Belle passed away last night. I have no words for this.


----------



## Nancy McClelland (Jul 19, 2011)

We're so sorry to hear of Belle's passing. Words are just so inadequate at these times. Rest in peace little one and binky free, you're loved and missed greatly.


----------



## JadeIcing (Jul 19, 2011)

I am so sorry. *hugs* Here if you need me.


----------



## naturestee (Jul 19, 2011)

I'm so sorry. Mocha and Loki get molar trims several times a year, and it's so scary what happened to Belle and that it could happen to my guys. Binky free, Belle.

*hugs*


----------



## SnowyShiloh (Jul 19, 2011)

Aw I'm really sorry  RIP Belle


----------



## jujub793 (Jul 19, 2011)

i'm so sorry to hear about Belle :rainbow:


----------



## pumpkinandwhiskersmom (Jul 19, 2011)

Thoughts and prayers coming your way as you mourn the loss of your Belle.


----------



## Pipp (Jul 20, 2011)

So sorry, Chandie, I haven't been getting notifications, haven't been on the forum.  

:rip: Belle. 

This is terrible. The forum lost too many little friends this week. 


sas :sad:


----------



## Nela (Jul 20, 2011)

I'm so sorry Chandra. *Hugs* RIP Belle


----------



## LuvaBun (Jul 20, 2011)

Oh Chandra, I am so sorry. Poor little Belle had such a tough time of it lately, and you did everything you could for her. This is just so sad!

Jan


----------



## JimD (Jul 21, 2011)

I'm so sorry 

Binky free, Belle.

We'll see you on the other side.
ray::rainbow:


----------



## Flashy (Jul 22, 2011)

I'm really, very sorry.

Binky Free Beautiful Belle.


----------



## SOOOSKA (Jul 22, 2011)

Chandra,

I'm so sorry you lost your Beautiful Belle.

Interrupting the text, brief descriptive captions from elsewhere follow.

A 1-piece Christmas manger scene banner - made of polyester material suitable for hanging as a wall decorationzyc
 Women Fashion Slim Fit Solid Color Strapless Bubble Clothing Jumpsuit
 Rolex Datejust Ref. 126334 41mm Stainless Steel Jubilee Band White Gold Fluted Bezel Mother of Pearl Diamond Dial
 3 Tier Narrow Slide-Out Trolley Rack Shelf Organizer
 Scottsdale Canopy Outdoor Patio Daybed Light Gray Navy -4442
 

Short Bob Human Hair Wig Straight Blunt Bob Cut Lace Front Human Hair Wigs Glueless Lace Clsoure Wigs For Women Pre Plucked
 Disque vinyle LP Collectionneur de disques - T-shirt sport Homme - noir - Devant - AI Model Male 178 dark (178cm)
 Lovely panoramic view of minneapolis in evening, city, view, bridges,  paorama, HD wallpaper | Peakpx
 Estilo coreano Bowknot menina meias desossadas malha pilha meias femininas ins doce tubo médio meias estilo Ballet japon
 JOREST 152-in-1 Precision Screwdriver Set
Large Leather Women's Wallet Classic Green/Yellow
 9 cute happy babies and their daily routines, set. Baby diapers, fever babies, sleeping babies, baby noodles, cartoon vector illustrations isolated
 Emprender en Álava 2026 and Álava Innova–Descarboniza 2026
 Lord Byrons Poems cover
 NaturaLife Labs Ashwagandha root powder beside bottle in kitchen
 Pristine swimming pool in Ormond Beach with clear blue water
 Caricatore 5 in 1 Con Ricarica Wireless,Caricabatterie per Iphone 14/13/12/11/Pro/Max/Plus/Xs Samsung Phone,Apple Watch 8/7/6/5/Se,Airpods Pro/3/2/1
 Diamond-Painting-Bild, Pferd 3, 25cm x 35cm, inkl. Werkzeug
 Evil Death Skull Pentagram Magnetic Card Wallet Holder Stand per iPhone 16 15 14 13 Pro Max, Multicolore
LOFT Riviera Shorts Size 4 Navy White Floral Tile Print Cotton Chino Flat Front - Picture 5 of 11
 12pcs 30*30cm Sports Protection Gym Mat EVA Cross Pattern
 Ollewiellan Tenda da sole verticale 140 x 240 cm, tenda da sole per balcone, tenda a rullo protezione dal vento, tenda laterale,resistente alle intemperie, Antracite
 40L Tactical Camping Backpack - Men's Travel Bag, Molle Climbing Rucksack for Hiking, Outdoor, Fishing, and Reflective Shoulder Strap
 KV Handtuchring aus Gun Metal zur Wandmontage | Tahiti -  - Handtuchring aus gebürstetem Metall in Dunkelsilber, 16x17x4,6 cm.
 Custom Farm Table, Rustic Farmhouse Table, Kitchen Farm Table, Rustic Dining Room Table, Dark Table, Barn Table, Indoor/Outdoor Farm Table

Binky Pain Free at the Rainbow Bridge :rainbow:Sweet Belle.

Susan:bunnyangel2:


----------



## ChandieLee (Jul 28, 2011)

I can't tell you how much your support means to me, especially because Belle actually died due to veterinary malpractice. It seems the vet lied about what actually happened during the procedure they did, and because of the complications from what actually happened, Belle passed. I'll be writing a letter to them, and taking action- no idea what I'll be doing, but the vet needs to know that what she did was not okay. 



To my Belle- I'm so sorry that I wasn't able to save you. I know that you're not in pain anymore, and that you're with Necro again, and I hope you know that I did everything in MY power to help you, and that I'll miss you and love you. I will also seek justice. Your passing was not inevitable and could have been avoided.

I'm still at a loss for words. Belle was my heart bunny, and I feel a void, especially as I lost Necro and my father this year as well.


----------



## gmas rabbit (Jul 28, 2011)

My heart goes out to you Chandra. I lost my mom and rabbit Nickolas within 3 months of each other. Hugs and prayer to you.


----------



## Ashleighh (Jul 29, 2011)

R.I.P Gorgeous Belle
and all my love to you Chandra.


----------



## Ashleighh (Jul 29, 2011)

R.I.P Gorgeous Belle
and all my love to you Chandra.


----------